Image-caption web data |
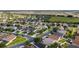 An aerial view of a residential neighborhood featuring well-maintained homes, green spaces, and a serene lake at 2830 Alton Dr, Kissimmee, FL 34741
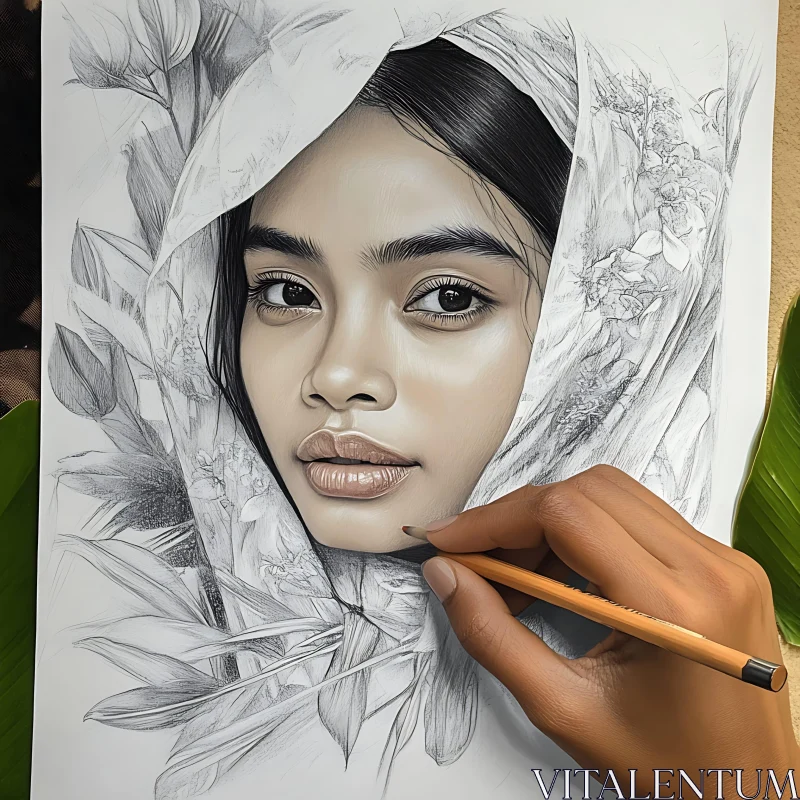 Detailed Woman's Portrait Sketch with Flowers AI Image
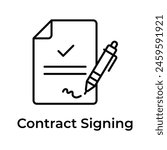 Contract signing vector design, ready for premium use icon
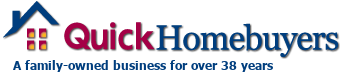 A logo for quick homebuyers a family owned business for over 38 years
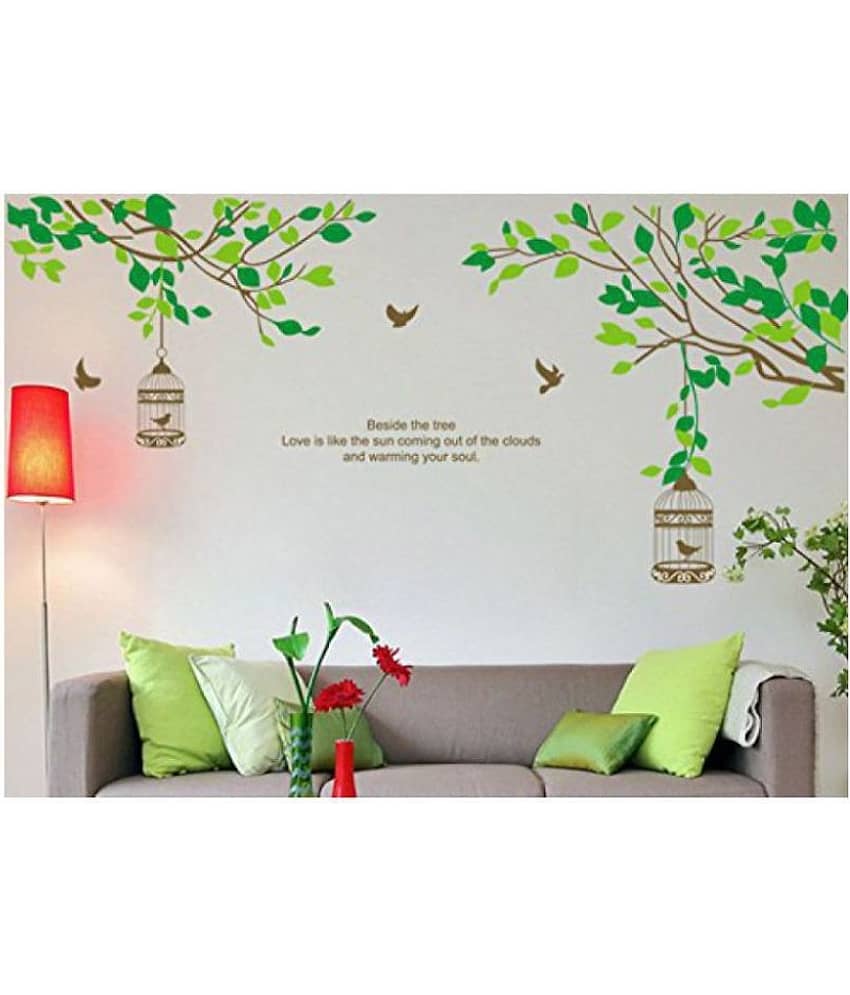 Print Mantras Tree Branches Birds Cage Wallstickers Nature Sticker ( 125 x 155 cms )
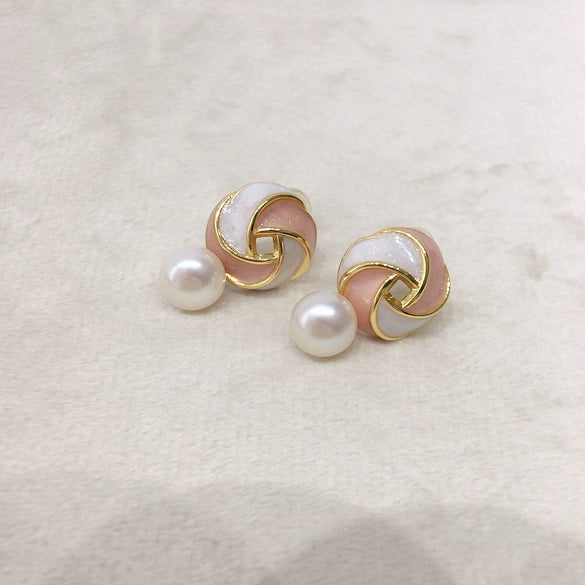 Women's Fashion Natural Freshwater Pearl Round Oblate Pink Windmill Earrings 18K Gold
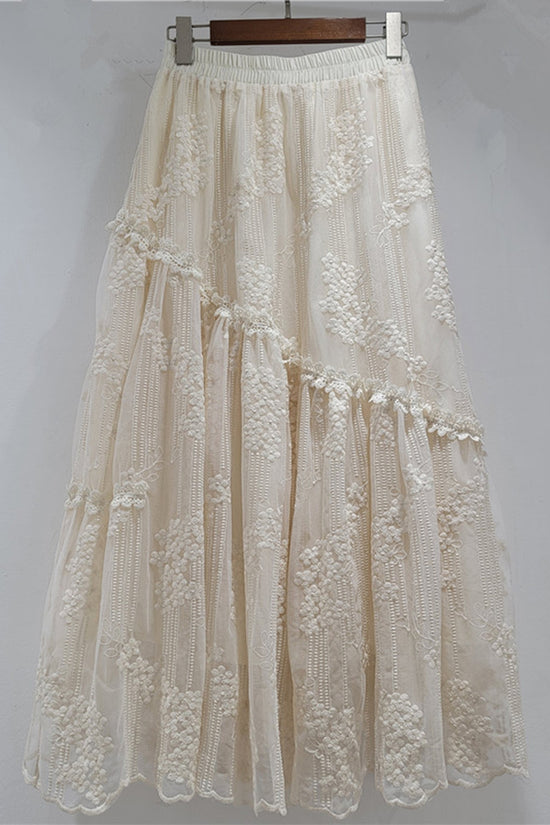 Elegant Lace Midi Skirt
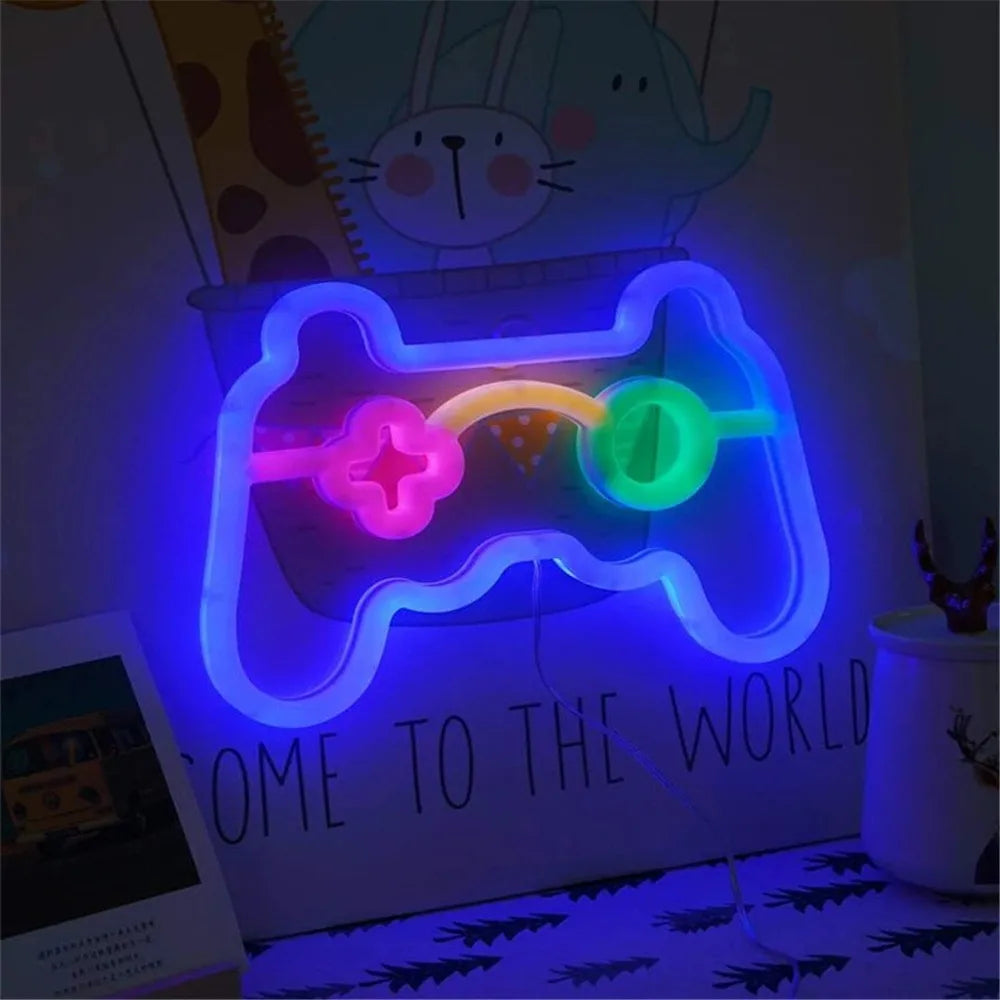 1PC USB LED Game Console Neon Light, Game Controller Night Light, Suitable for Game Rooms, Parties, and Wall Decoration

What you should do | Repeat each of the entries above exactly, but do not carry over the pictures.

Task result |
 An aerial view of a residential neighborhood featuring well-maintained homes, green spaces, and a serene lake at 2830 Alton Dr, Kissimmee, FL 34741
 Detailed Woman's Portrait Sketch with Flowers AI Image
 Contract signing vector design, ready for premium use icon
 A logo for quick homebuyers a family owned business for over 38 years
 Print Mantras Tree Branches Birds Cage Wallstickers Nature Sticker ( 125 x 155 cms )
 Women's Fashion Natural Freshwater Pearl Round Oblate Pink Windmill Earrings 18K Gold
 Elegant Lace Midi Skirt
 1PC USB LED Game Console Neon Light, Game Controller Night Light, Suitable for Game Rooms, Parties, and Wall Decoration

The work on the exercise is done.